< -- Paperboy : Specification -------->

Collection, Processing and Presentation of Online News

Andrew Flegg, Andrew.Flegg@dcs.warwick.ac.uk,
12th October 1999 http://www.dcs.warwick.ac.uk/~csube/paperboy/

Introduction

The recent popularisation of the World Wide Web, combined with the ability to publish at any time of day, as regularly as possible has led to the proliferation of web sites providing news on a wide range of topics. However, the increase in use of the Internet has led to, at times, painful download rates as the bandwidth available is not sufficient to cope with demand. This results in users becoming increasingly infuriated and abandoning hope of reading the news relevant to them and progressing on to more pressing matters, such as their job or degree, or even hanging-up if the user is on a relatively expensive dial-up connection.

There have been several agent based attempts, and claims, regarding automated presentation of news of interest to a user - none have been totally successful. This is the reason for this project. Paperboy will aim to solve some of these problems by using user-entered rules to find stories of interest on various web sites before locally caching them and later displaying the stories to the user off-line.

All web sites, however, are different in terms of layout and syntax: some have titles and summaries on an index page, others just have titles as links to stories; the project will use a plug-in system to ensure that each site can be understood and passed back to the rest of the program in a standard manner, that is: the headline, a short summary paragraph and the main story. The use of plug-ins will also allow future expansion and correction if, and when, a site changes the syntax of one of its pages.

For greatest efficiency the project will have two parts:

  1. "Gather mode" where each web site/story will be downloaded and stored if appropriate.
  2. Display mode where the stored files will be displayed back to the user and the options and rules for the stories edited.

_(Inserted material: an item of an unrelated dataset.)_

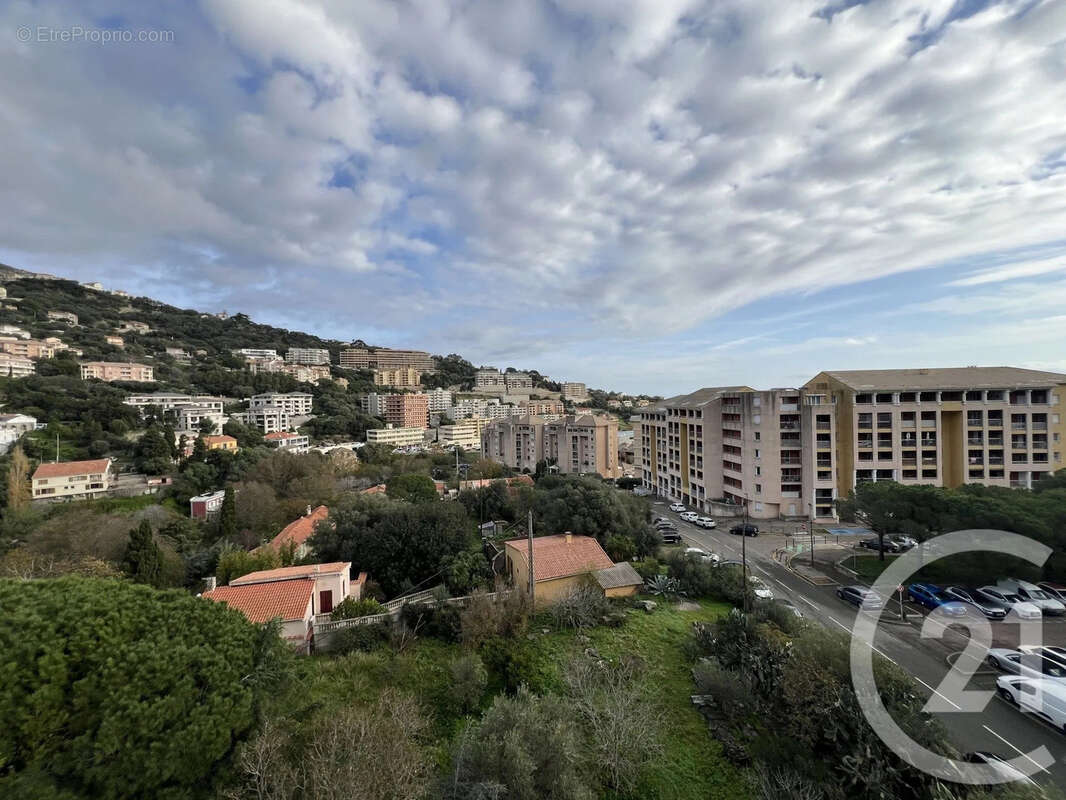 Appartement à SAN-MARTINO-DI-LOTA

The former will run requiring no user input, with an option of displaying a small status window. This is intended to be run as an automated job, to get the latest news; or a task run on completing a dial-up collection. Once the news has been stored the second mode will display the stories without delay and without requiring the user to be online. The display mode will be the main application from the usersĘ point of view and will be the graphical user interface used to view the stories and set and change the rules and any other options necessary.

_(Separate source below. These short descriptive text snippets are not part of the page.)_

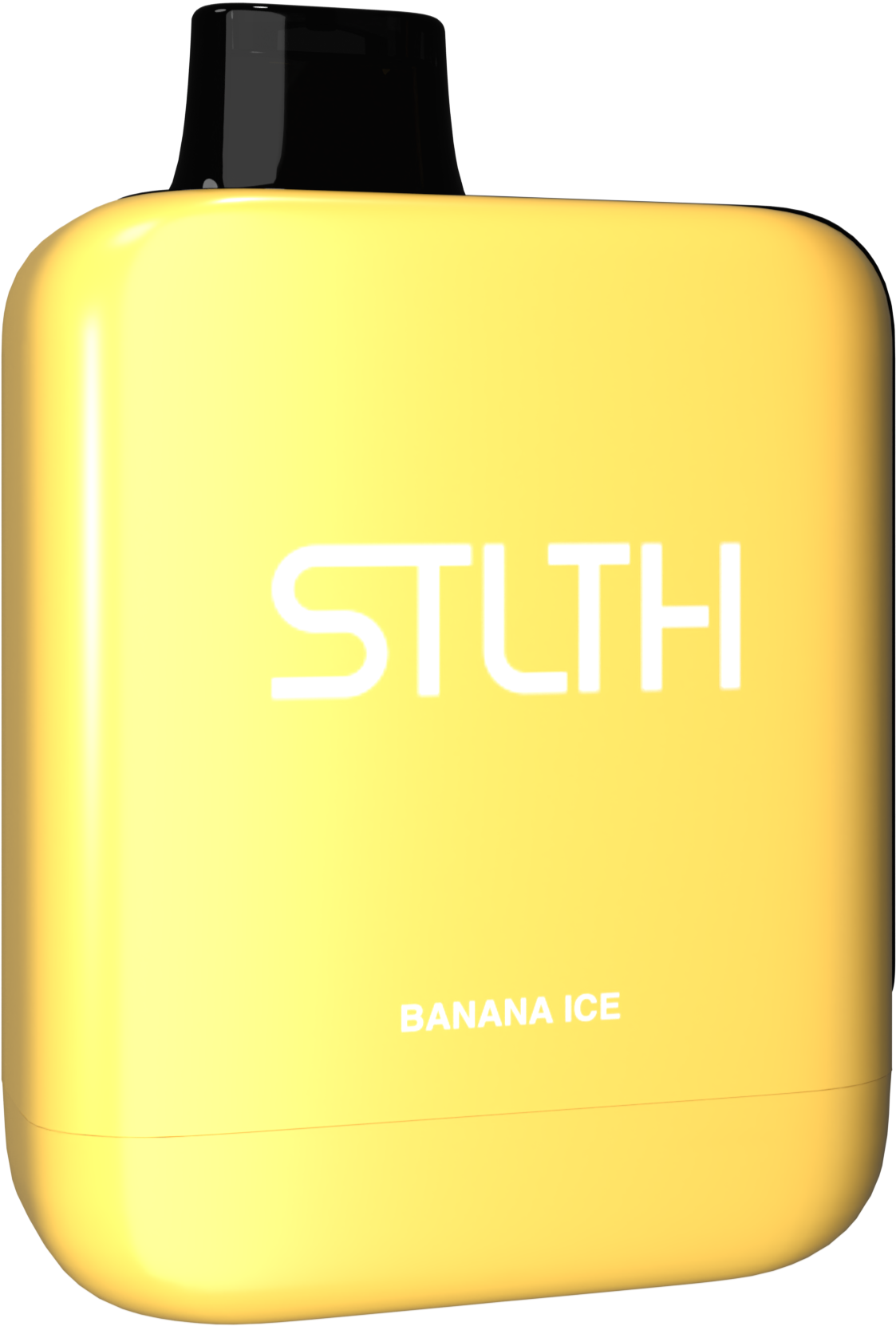 STLTH TITAN MAX 50K Banana Ice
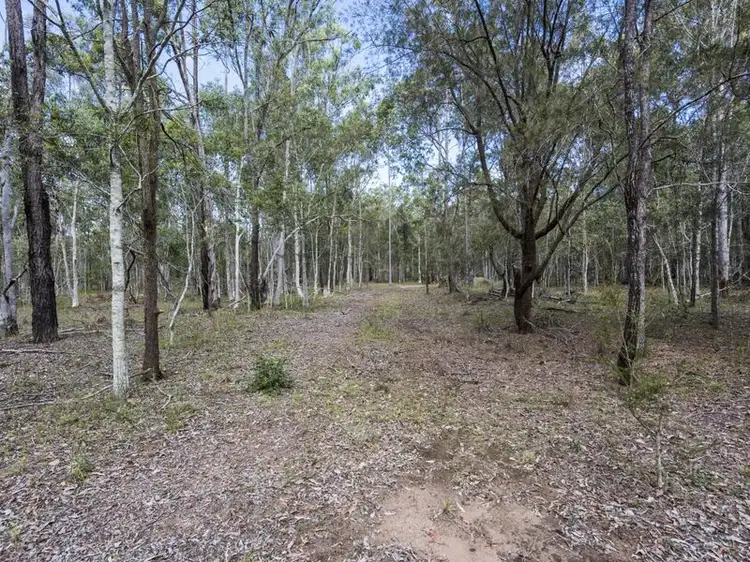 Fifth view of Homely land listing, 288 Black Swan Drive, Coutts Crossing NSW 2460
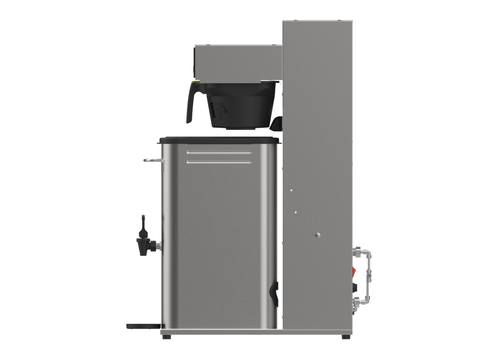 Fetco TBS-1221 Plus Series Single-Station Tea Brewer | Pro Coffee Gear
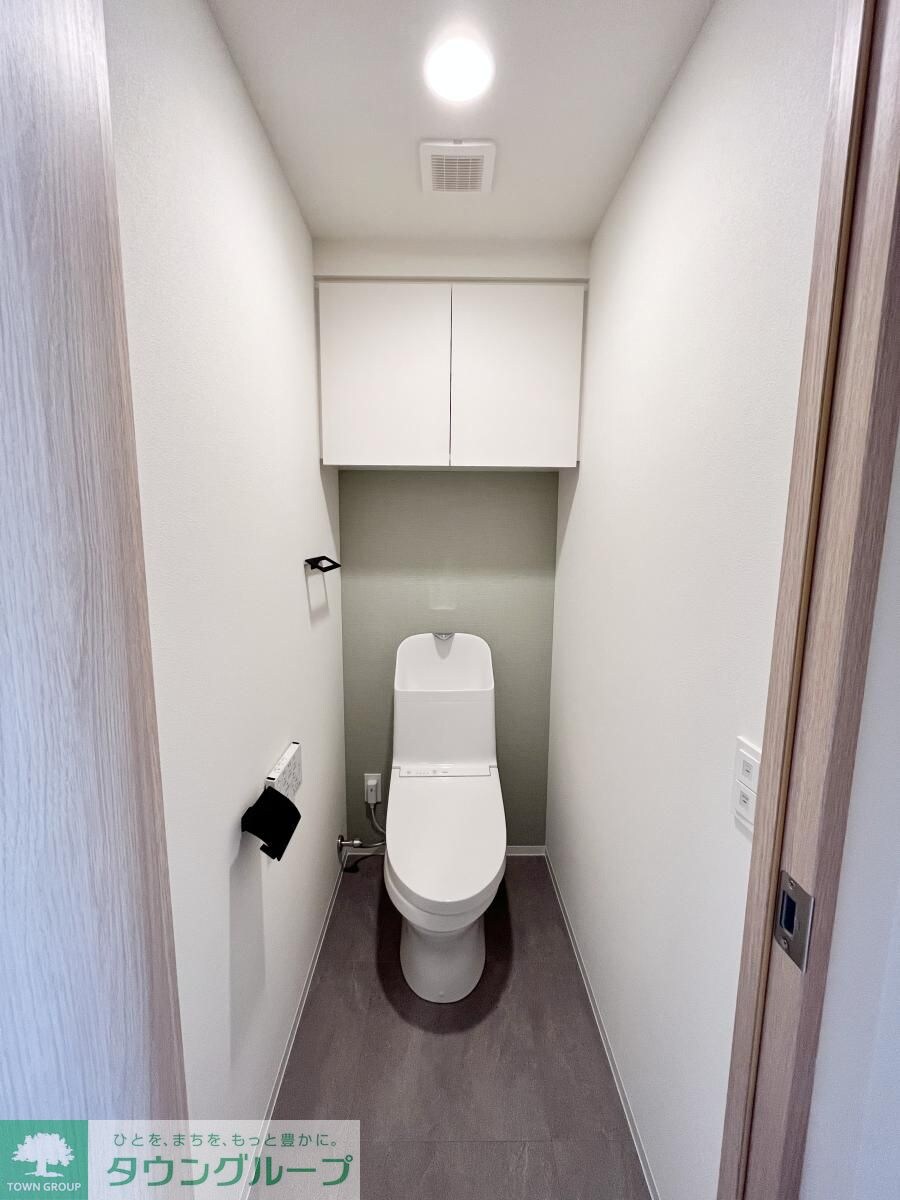 J.GRAN Court 品川西大井WESTの物件内観写真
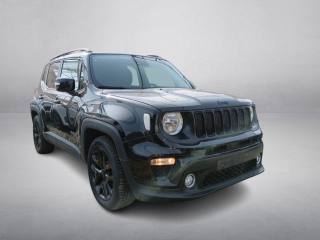 JEEP Renegade usata, con Airbag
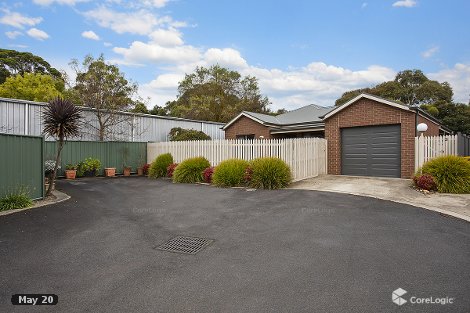 3/28 Fyfe St, Hamilton, VIC 3300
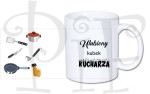 Kubek ulubiony Kucharza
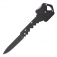 N SOG Key Knife Black KEY-101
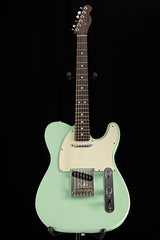 Used Fender Limited Edition American Professional Telecaster with Rosewood Neck Surf Green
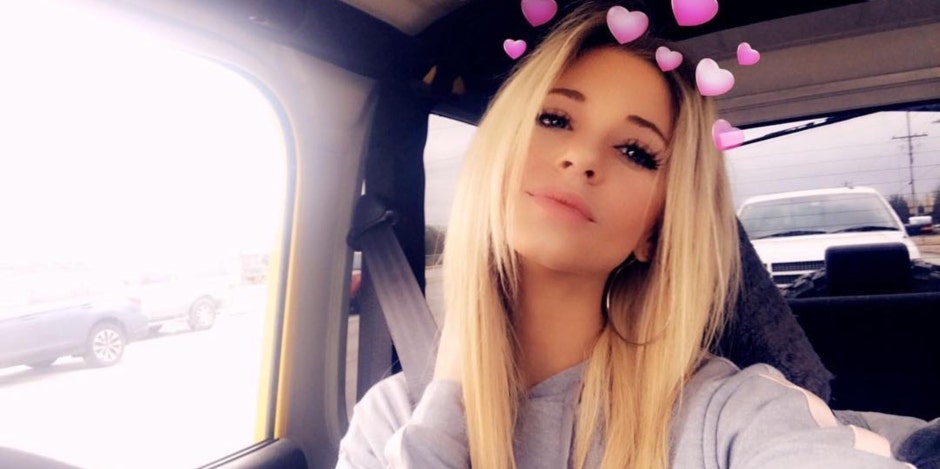 Did MTV's Tony Raines' Ex-Girlfriend Madison Channing Relapse On Heroin? New Details About The 'Real World' Star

When the user comes to look at the stories various view options can be chosen: headlines only, summaries only or even both. All cached stories or just unread ones could be shown and a facility would be provided to delete a story (if it was wrongly chosen) freeing up the local storage it would use - this is, however, unlikely to modify the rules - although a message could be sent to the rules system so that it could, at a later date, be replaced with a more intelligent system which learns which stories the user is interested in; this delete message would be used to teach the system. The aim for the project, however, is for a less ambitious system based on exact rules, possibly based on a syntax similar to that used by AltaVista; eg. warwick NEAR university.

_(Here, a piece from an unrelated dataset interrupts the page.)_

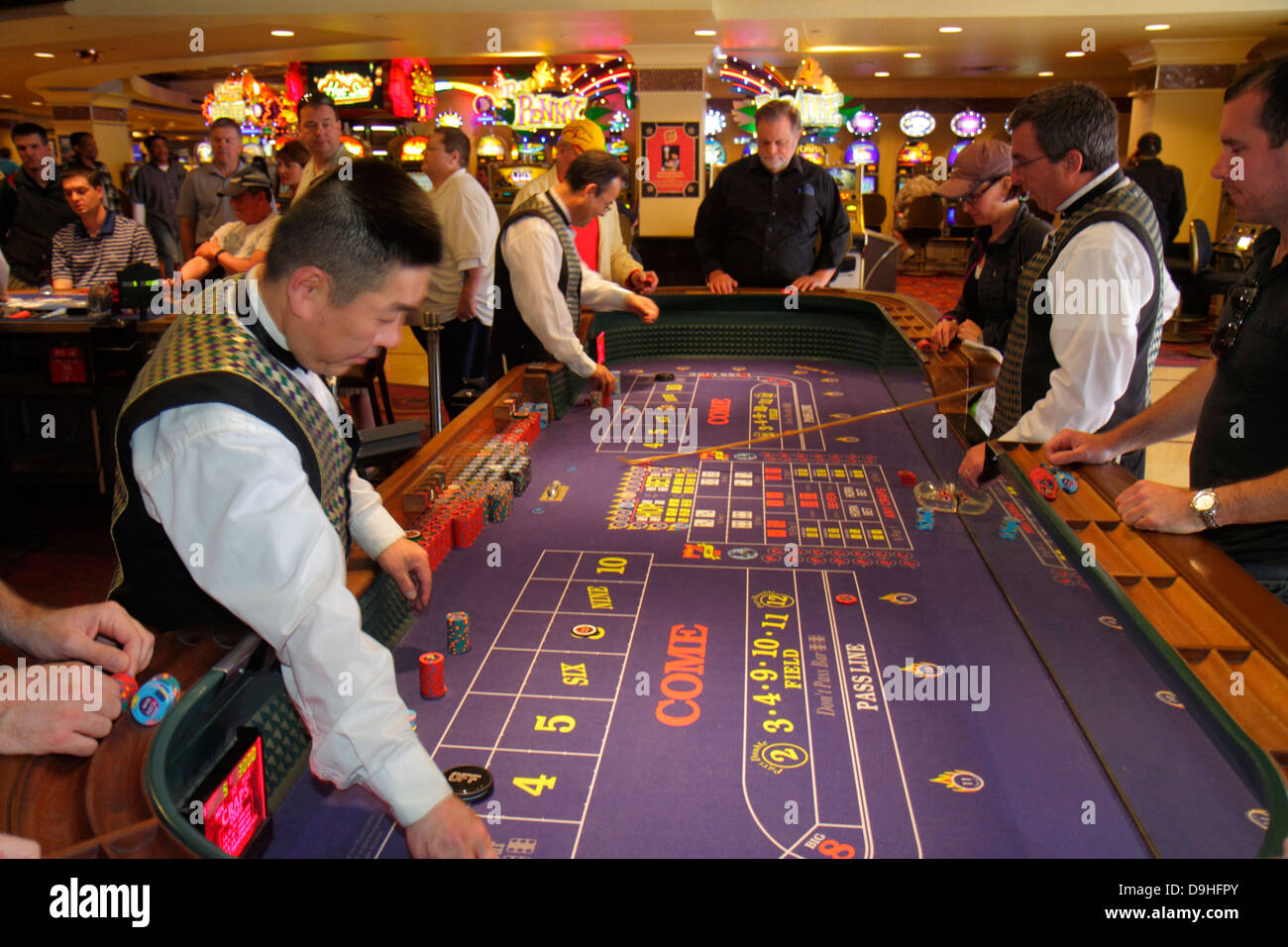 Mitarbeiter Casino Mitarbeiter Casino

Another feature would prevent seeing duplicate stories, even if the headline (or summary) were different - identical URLs could be used to check for identical stories; this would definitely work on sites such as BBC Online.

The Objectives

The following objectives are the aims and technical challenges of the project in order of importance and will form the basis of the timetable further on in this document.

O0: Research implementation details

The design of the project should be separate from the implementation, however knowledge of how the program will be put together will allow for a more effective design.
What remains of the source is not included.